The second alternative is to move the call of the LSTM layer outside the loop. It should crudely look like this (in a bit of untested pseudo code, just to get the idea):

hidden = None

seq = []
for t in range(x_3d.size(1)):
    with torch.no_grad():
        x = self.resnet(x_3d[:, t])
        seq.append(x)

out, hidden = self.lstm(seq)  

However, not that out now contains the hidden states for each frame, not just the last. Which means you would also need to change the subsequent line of code. The simplest way should be

x = self.fc1(hidden[-1])

My understanding of the CNN+LSTM architecture is that you pass each frame through a CNN so you have latent representations of them, and then pass those latent representations through the LSTM to produce your final prediction (like the image below). Is there a typical architecture for this?

I think I see…

out, hidden = self.lstm(x.unsqueeze(0), hidden)

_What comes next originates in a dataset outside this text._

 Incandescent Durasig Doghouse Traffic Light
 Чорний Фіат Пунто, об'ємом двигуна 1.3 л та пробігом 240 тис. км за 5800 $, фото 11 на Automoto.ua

enables each subsequent frame to have knowledge of the prior frames because they all modify a “shared” hidden state. So then when I do my final classification, I would want to do it on that hidden state that all the frames had influenced

x = self.fc1(hidden[-1])

Yes?

Exactly! This is the whole underlying concepts of Recurrent Neural Networks such as LSTMs and GRUs.

x = self.fc1(hidden[-1])

should also work if you leave the self.lstm call in the loop yes. The [-1] is to get the last hidden state with respect to the number of layers; and you have indeed 3 layers: num_layers=3

Yes, the architecture image you posted in your other reply is the basic CNN+LSTM setup.

Here is the updated version of the architecture for everyone’s benefit

class CNNLSTM(nn.Module):
    def __init__(self, num_classes=2):
        super(CNNLSTM, self).__init__()
        self.resnet = resnet101(pretrained=True)
        self.resnet.fc = nn.Sequential(nn.Linear(self.resnet.fc.in_features, 300))
        self.lstm = nn.LSTM(input_size=300, hidden_size=256, num_layers=3)
        self.fc1 = nn.Linear(256, 128)
        self.fc2 = nn.Linear(128, num_classes)
       
    def forward(self, x_3d):
        hidden = None

        # Iterate over each frame of a video in a video of batch * frames * channels * height * width
        for t in range(x_3d.size(1)):
            with torch.no_grad():
                x = self.resnet(x_3d[:, t])  
            # Pass latent representation of frame through lstm and update hidden state
            out, hidden = self.lstm(x.unsqueeze(0), hidden)         

        # Get the last hidden state (hidden is a tuple with both hidden and cell state in it)
        x = self.fc1(hidden[0][-1])
        x = F.relu(x)
        x = self.fc2(x)

        return x

Hi, thanks for sharing the model code. May I know how you perform the training step for a batched input? Like, the loss computation and weights update.

Thanks in advance.

The code I provided is set-up to accept batched inputs. It is expected that x_3d is in batch * frames * channels * height * width format. Therefore training follows the fairly typical prescribed format common for PyTorch

device = torch.device("cuda" if torch.cuda.is_available() else "cpu")

loader = DataLoader(your_data)
model = CNNLSTM()
model.to(device)

optimizer = torch.optim.SGD(model.parameters(), lr, momentum=momentum, weight_decay=weight_decay)
criterion = nn.MSELoss()

for e in range(100):
    model.train()
    
    for i, (X, y) in enumerate(loader):
        optimizer.zero_grad()
        
        X = X.to(device)
        y = y.to(device)
        
        yh = model(X)
        yh = yh.flatten()
        loss = criterion(yh, y)
        
        loss.backward()
        optimizer.step()

Hello,

Thank you very much for the code, it has really helped someone like me in trying to implement a CNN+LSTM to my own work. I have a few questions as I’m trying to understand the CNN+LSTM workflow.

What is the output size of x after you call it? I’m having trouble understand what size the output should be in terms of batch size and sequence/frame length. If your batch size is 16 and your frame length is 30, should you return an output that is (16,30,1), or something else?

Thank you very much!

Hi Matthew,

The output dimensions after you call CNNLSTM with a batch size of 16 would be (16, 2) under the default conditions, note that the last layer in the network is a linear layer that goes from 128 to 2. It “essentially” provides values that tell you how likely the network believes each of the 16 samples to belong to either class 1 or class 2. In most cases you will still want to run the output through a softmax function and then pick the index (1 or 2) with the maximal value to provide your final class prediction.

Note, the input dimensions (as I understand them from your example) would be (16, 30, 224, 224) which would be 16 samples, each with 30 frames, and each frame has a height and width of 224 (the expected size for the pytorch resnet101 models since I am using that in my network). If you are looking for a model that provides a prediction for each frame in each sample, i.e., your (16, 30, 1) output, you would require a different architecture than the one I have provided above.

I hope this helps!

Best,
~ Brad